Enfin, grâce au challenge que relève Frédérick Baudet, notre regretté chef-monteur, nous avons pu tenir le défi de mettre en ligne tous les matins le montage, réalisé durant la nuit, de l'événement de la veille et ce durant trois jours pleins. Et le jour même du vernissage, Jacques Villeglé  découvre qu'il existe désormais, en ligne sur Internet, un film d'une heure trente cinq minutes sur son intervention en Corse.

Nous étions tous très fiers d'avoir pu réaliser ce petit exploit multimédia avec les moyens d'un simple reportage. C'était une première pour l'Internet d'en Corse. Nous avions reproduit le rythme de Dziga Vertov qui en 1920 projetait  dans les villages russes les images tournées la veille. Nous gardions en même temps la mémoire immédiate  d'un événement comme Jacques Tati avait pu le faire à Bastia le 28 avril 1978 lors la finale de la coupe de l’UEFA. La destination, exclusivement web, avait rendu l'expérience possible.

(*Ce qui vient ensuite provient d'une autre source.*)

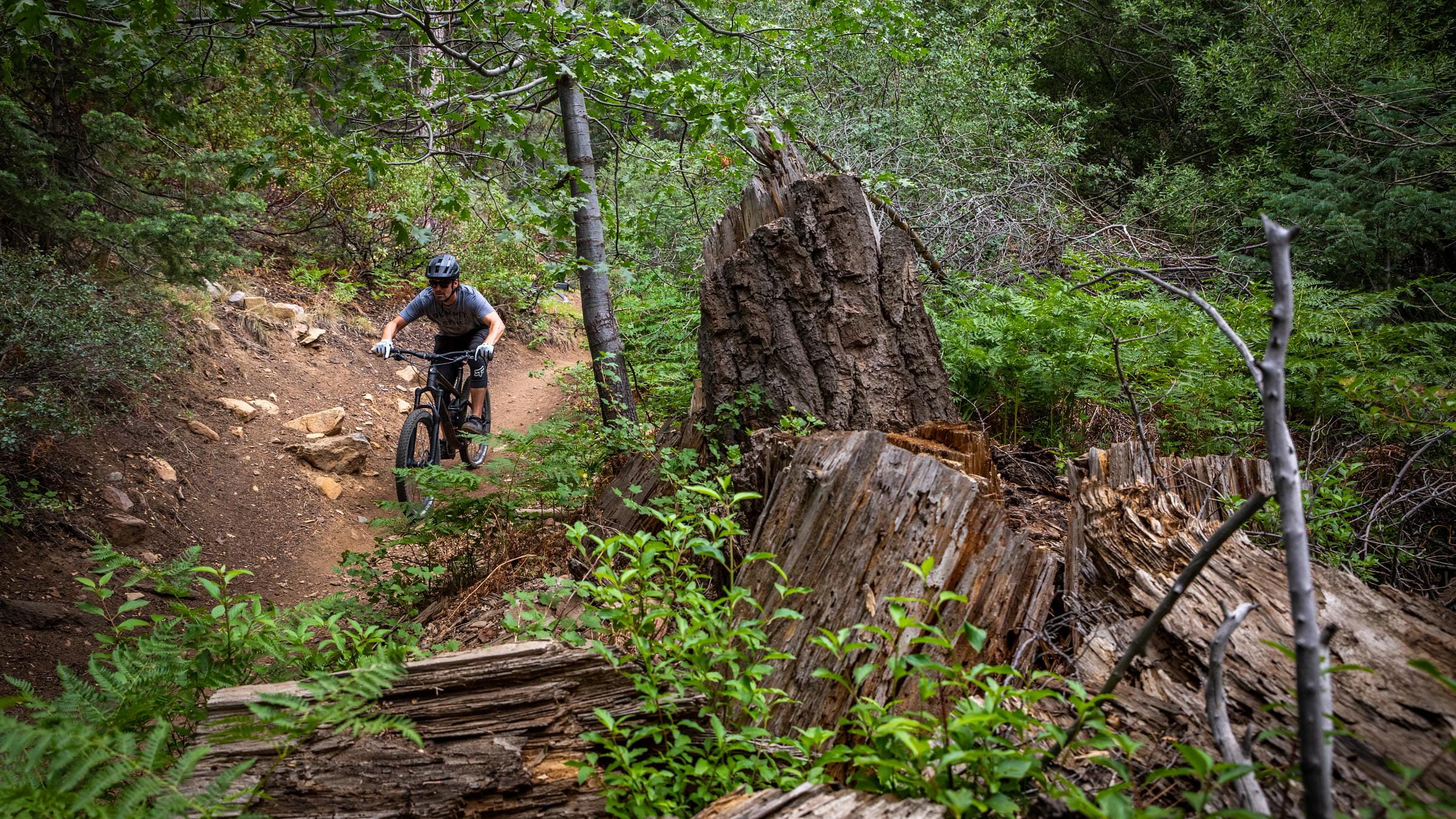 Cross country best sale mtb trails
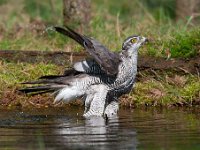 Accipiter gentilis 118, Havik, Saxifaga-Luuk Vermeer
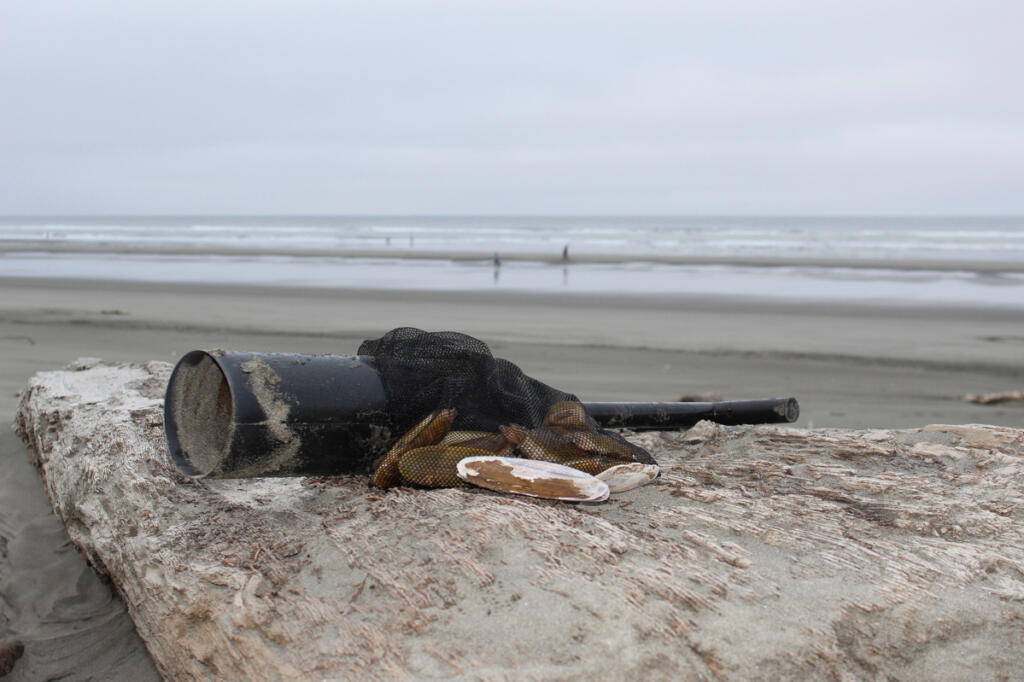 Razor clamming on Washington beaches has been put on hold. A bloom of Pseudo-nitzsche, the algae that causes domoic acid, has worked its way north along the coast, and forced managers to indefinitely postpone digging. (Terry Otto for The Columbian)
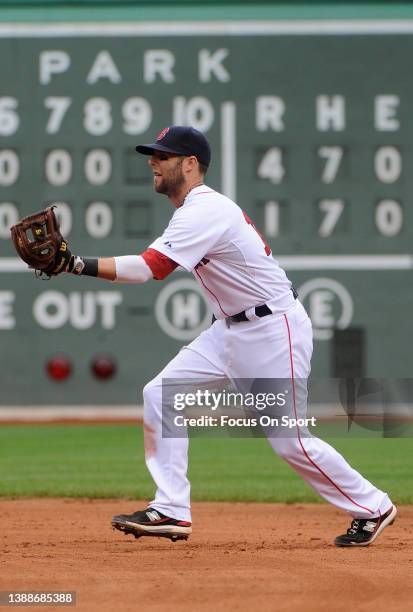 Dustin Pedroia of the Boston Red Sox in action against the Philadelphia Phillies during a Major League Baseball game on June 13, 2010 at Fenway Park...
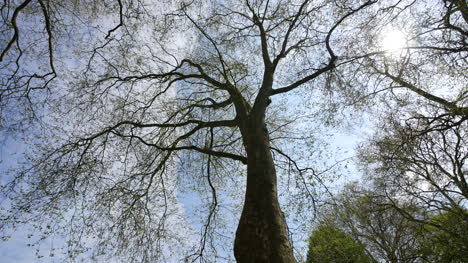 Frankreich-Frühling-Äste-Gegen-Himmel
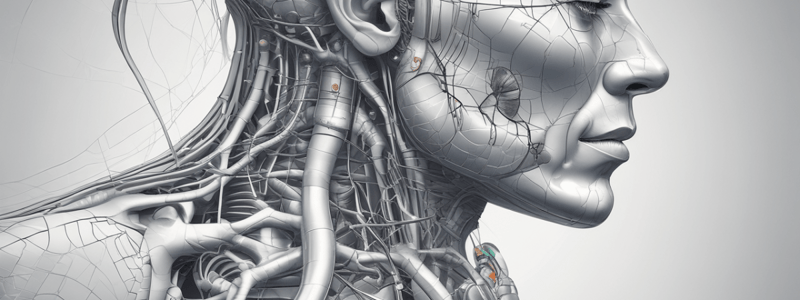 Respiratory System and Pulmonary Function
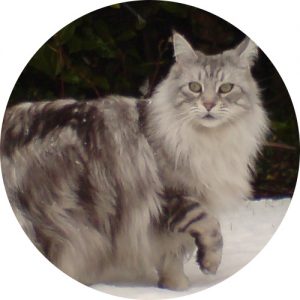 Maine coon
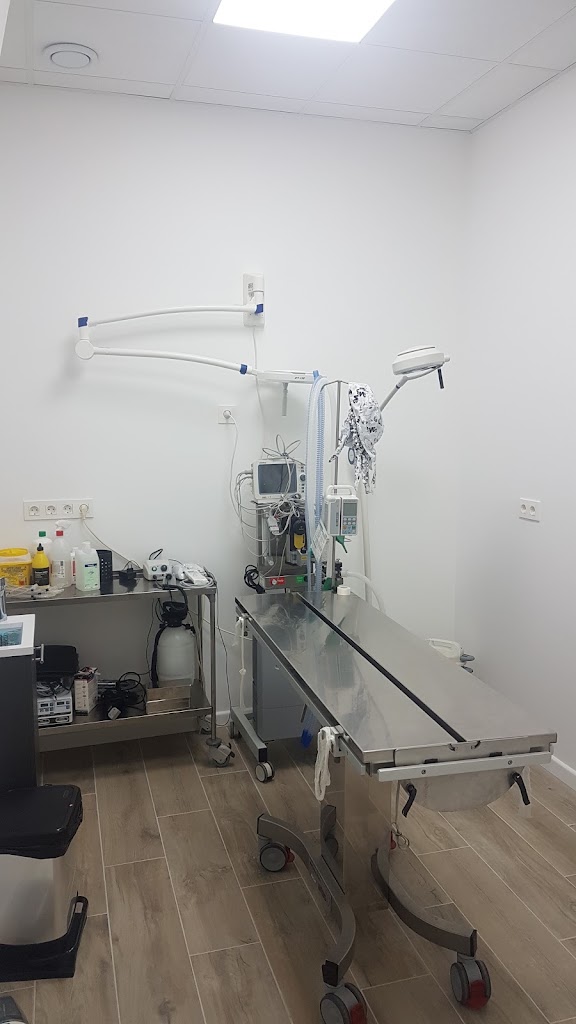 Clinica Veterinaria Irunvet — Del propietario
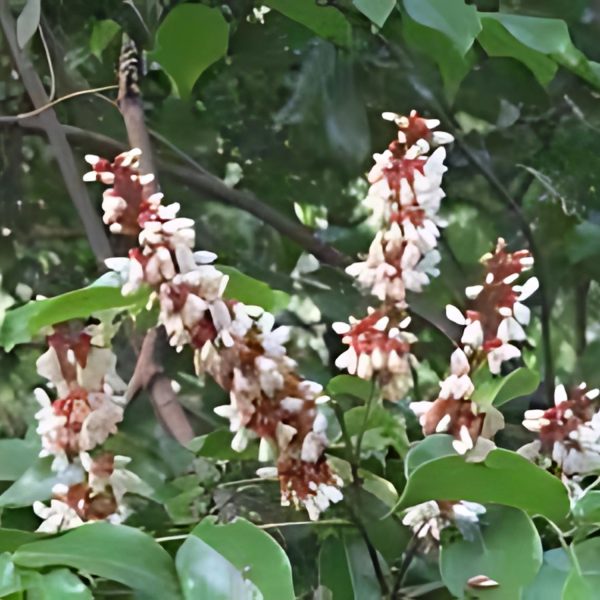 DERRIS SCANDENS - Image 4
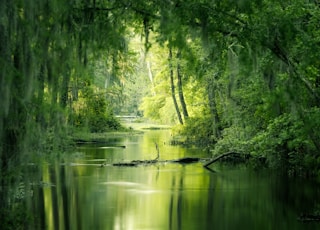 green trees beside river during daytime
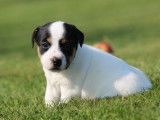 5 chiots Jack Russells Terriers LOF disponibles à la réservation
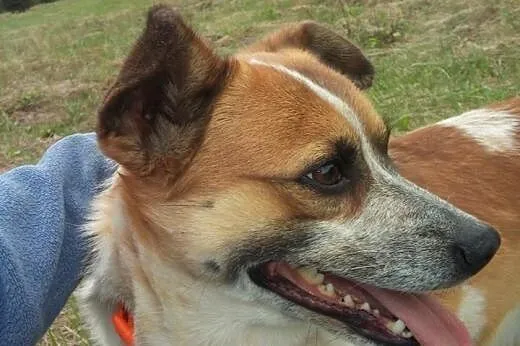 Łaciaty,młody,nieduży Nodi - szuka domu. ADOPCJA !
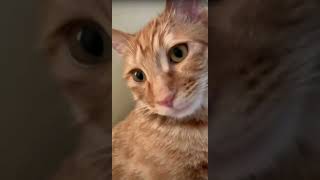 Celebrity Not lazy. Just energy-efficient! Wealth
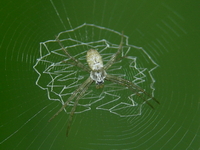 Argiope chloreis  - Phuket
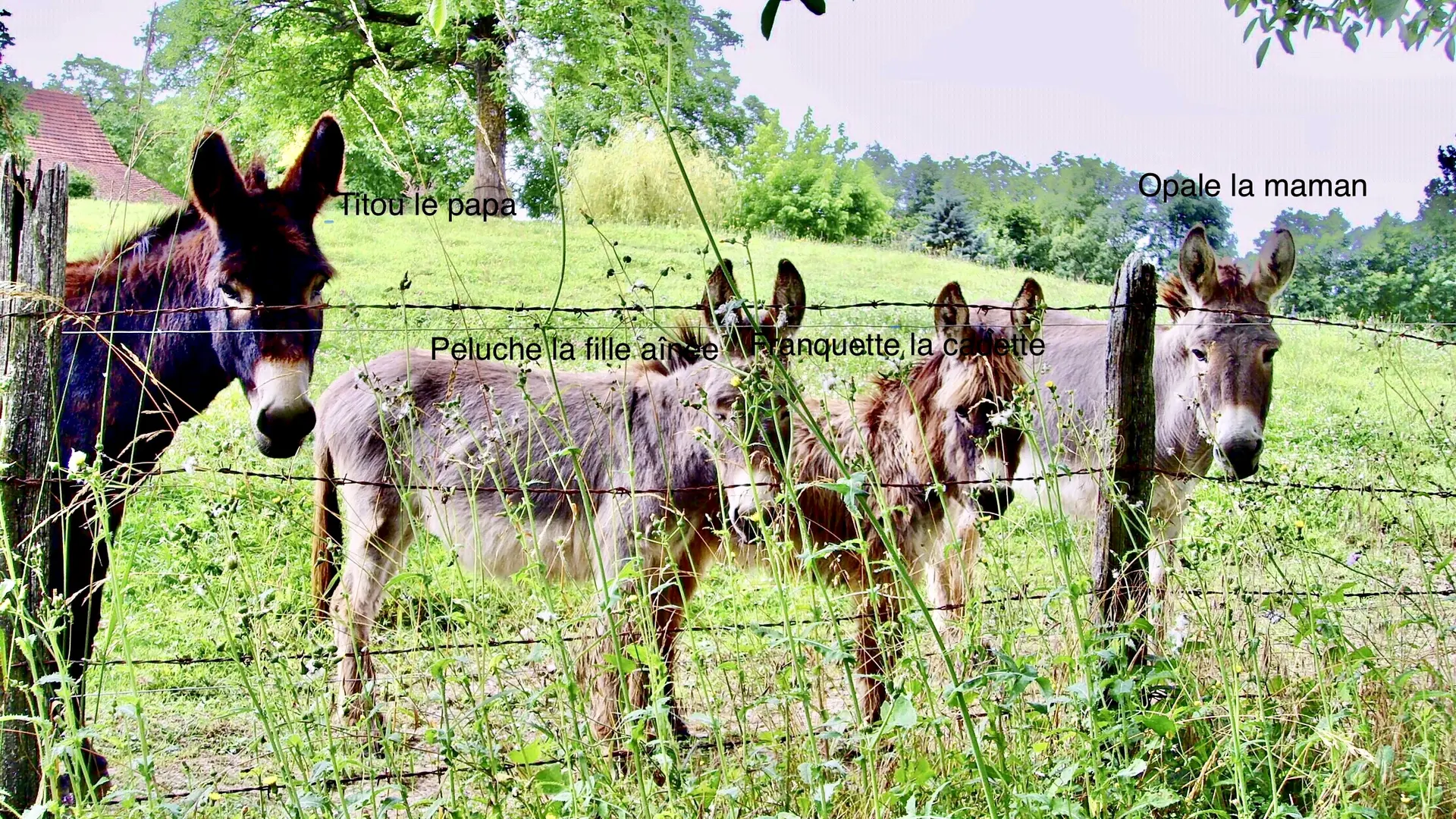 Petite famille des anes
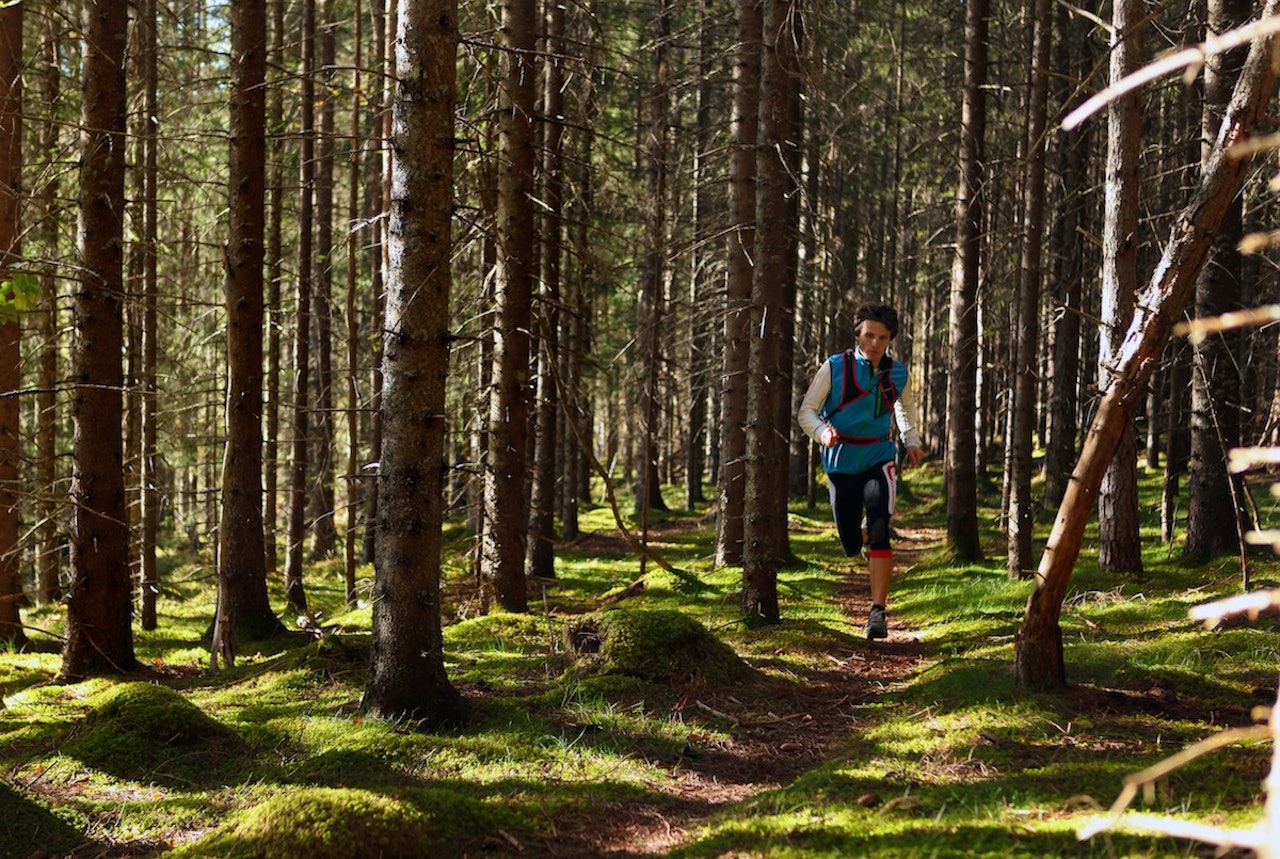 LØPSSTERK: Ola Hovdenak er Norges beste skibestiger om vinteren og en av de beste i lange terrengløp på sommerføre. Foto: Matti Bernitz LØPSSTERK: Ola Hovdenak er Norges beste skibestiger om vinteren og en av de beste i lange terrengløp på sommerføre. Foto: Matti Bernitz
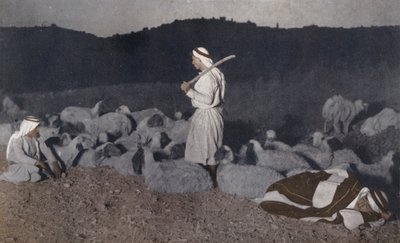 巴勒斯坦牧羊人在夜里看护羊群（彩色照片） 作者 美国摄影师
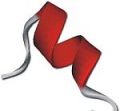   HCV     HCV  HIV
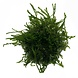 Wasserpflanze Vesicularia Ferriei Weeping in vitro Schale Wasserpflanze Vesicularia Ferriei Weeping in vitro Schale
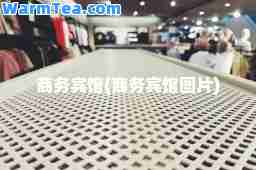 商务宾馆(商务宾馆图片)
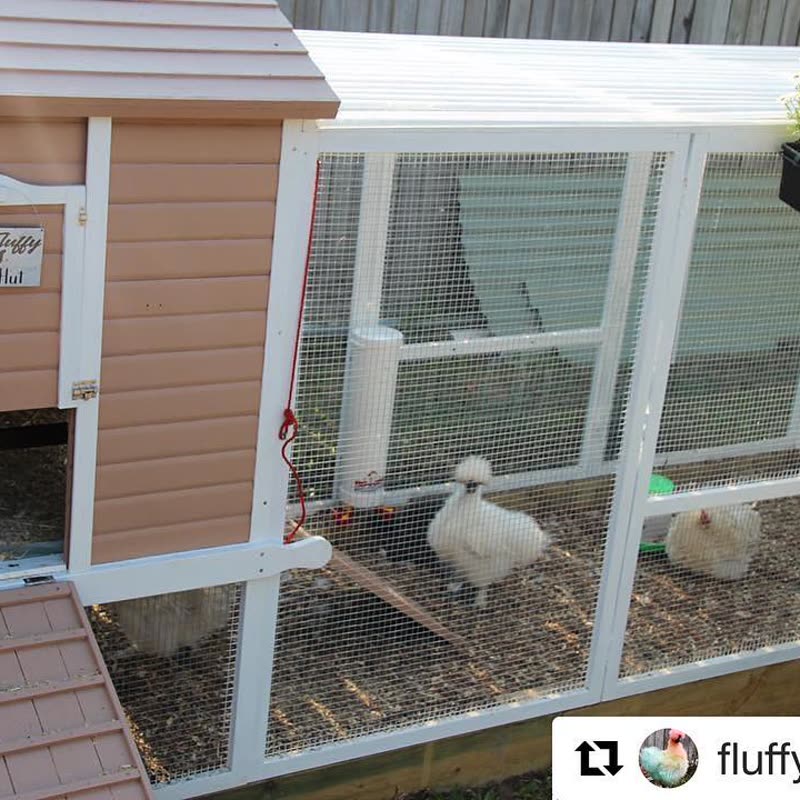 Dine-A-Chook customer photo: What a cute little coop @fluffybutt_hut ()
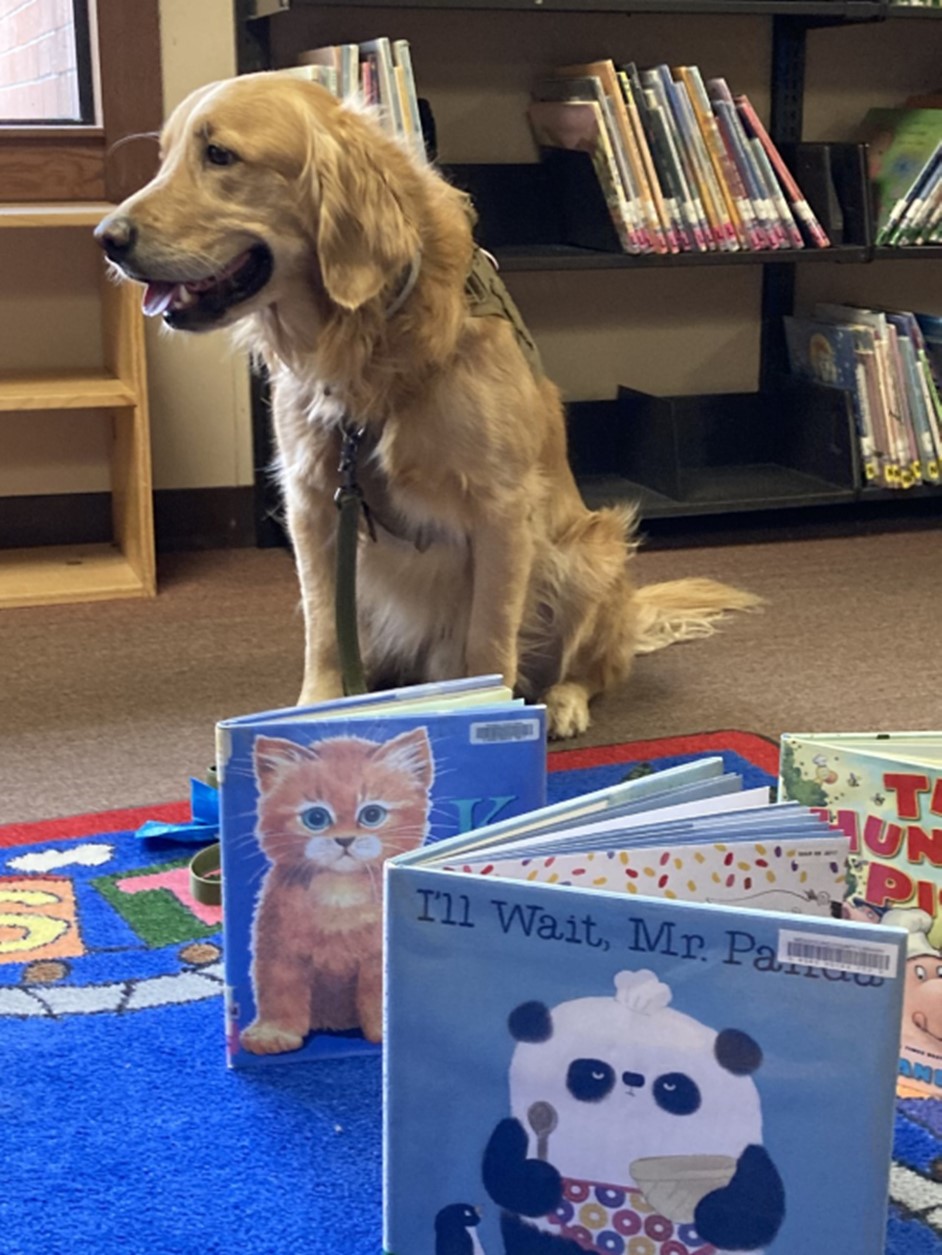 Golden retriever dog sitting with picture books.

Ce document est resté  disponible en ligne dans son intégralité durant le temps de l'exposition présentée par le FRAC à Corte: du 25  janvier jusqu'au 10 mars 2001.
Depuis, l'expérience était restée inédite.

Elle est à présent, grâce à cette nouvelle mise en ligne sur le portail de France 3 Corse-Via Stella, à la disposition de tous les internautes.

Dans l'océan du web -conclut Jean Crozier- ces 95 minutes sont précieuses: elles permettent  d'écouter-voir un flâneur ravissant.
C'est rare et nous nous devions de rendre ainsi hommage à Jacques Villeglé pour ces traces de civilisation qu'il nous révèle depuis plus de soixante ans maintenant.